Mapuche-Ureinwohner verdrängt

In den Gemeinden, deren Einwohner vorwiegend für die Holzindustrie arbeiten, bewegte sich das monatliche Pro-Kopf-Einkommen im November 2009 sogar nur bei durchschnittlich 214 Dollar. In der Lachszucht Beschäftigte verdienten dagegen 322 Dollar.

Ramírez führte die Schieflage auch auf die mangelnde Zusammenarbeit der Holzunternehmen mit den lokalen Gemeinden zurück. "Die Firmen kaufen immer mehr Land und verdrängen damit nicht nur die ansässigen Wirtschaftszweige, sondern auch die Familien am Ort."

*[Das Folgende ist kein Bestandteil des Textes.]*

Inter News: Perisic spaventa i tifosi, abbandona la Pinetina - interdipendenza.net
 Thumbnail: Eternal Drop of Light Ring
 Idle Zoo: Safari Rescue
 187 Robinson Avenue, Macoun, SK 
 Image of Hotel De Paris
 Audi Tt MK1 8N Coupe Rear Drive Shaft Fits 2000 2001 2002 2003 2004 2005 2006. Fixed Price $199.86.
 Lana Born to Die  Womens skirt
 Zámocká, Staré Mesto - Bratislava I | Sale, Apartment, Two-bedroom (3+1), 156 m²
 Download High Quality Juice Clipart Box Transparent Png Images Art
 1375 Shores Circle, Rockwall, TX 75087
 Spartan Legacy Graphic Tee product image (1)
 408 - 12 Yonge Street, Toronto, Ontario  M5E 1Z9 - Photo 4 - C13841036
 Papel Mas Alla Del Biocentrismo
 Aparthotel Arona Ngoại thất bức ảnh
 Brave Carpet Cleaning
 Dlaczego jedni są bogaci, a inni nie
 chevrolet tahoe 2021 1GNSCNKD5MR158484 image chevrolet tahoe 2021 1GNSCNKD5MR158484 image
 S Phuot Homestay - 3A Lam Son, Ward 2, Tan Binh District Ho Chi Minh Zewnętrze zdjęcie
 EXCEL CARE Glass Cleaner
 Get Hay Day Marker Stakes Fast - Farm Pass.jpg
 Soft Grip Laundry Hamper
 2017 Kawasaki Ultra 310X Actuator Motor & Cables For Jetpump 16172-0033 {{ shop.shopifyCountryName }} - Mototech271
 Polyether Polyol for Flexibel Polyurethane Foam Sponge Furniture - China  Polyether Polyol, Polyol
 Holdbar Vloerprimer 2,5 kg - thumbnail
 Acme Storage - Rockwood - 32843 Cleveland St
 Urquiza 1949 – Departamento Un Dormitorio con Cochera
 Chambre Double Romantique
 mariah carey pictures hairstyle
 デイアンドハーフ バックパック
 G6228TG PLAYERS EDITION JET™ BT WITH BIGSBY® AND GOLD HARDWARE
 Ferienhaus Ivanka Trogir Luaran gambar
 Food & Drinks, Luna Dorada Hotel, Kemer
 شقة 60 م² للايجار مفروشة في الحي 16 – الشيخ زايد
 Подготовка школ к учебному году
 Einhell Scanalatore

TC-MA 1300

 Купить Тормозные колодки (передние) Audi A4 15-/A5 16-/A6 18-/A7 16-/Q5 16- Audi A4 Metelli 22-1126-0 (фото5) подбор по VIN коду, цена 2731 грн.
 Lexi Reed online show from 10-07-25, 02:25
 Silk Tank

Wie Rimisp haben bereits etliche Umwelt- und Menschenrechtsorganisationen darauf hingewiesen, dass diese Praktiken zunehmend Unruhe in den indigenen Mapuche-Gemeinden auslösen. Die Mapuche sind mit fast einer Millionen Menschen das größte Ureinwohnervolk Chiles. Die Mehrheit lebt im Süden und kämpft um die Autonomie über ihre Wohngebiete.


Unternehmer pochen auf Subventionen

Etwa 15,9 Millionen Hektar - rund 20 Prozent des chilenischen Staatsgebiets - sind von Wäldern bedeckt. 85,4 Prozent sind Urwald. Auf den restlichen 14,6 Prozent züchtet die Holzindustrie mit staatlichen Hilfen schnellwachsende Bäume wie Pinien und Eukalyptusbäumen - vorwiegend in ökologisch umstrittenen Monokulturen.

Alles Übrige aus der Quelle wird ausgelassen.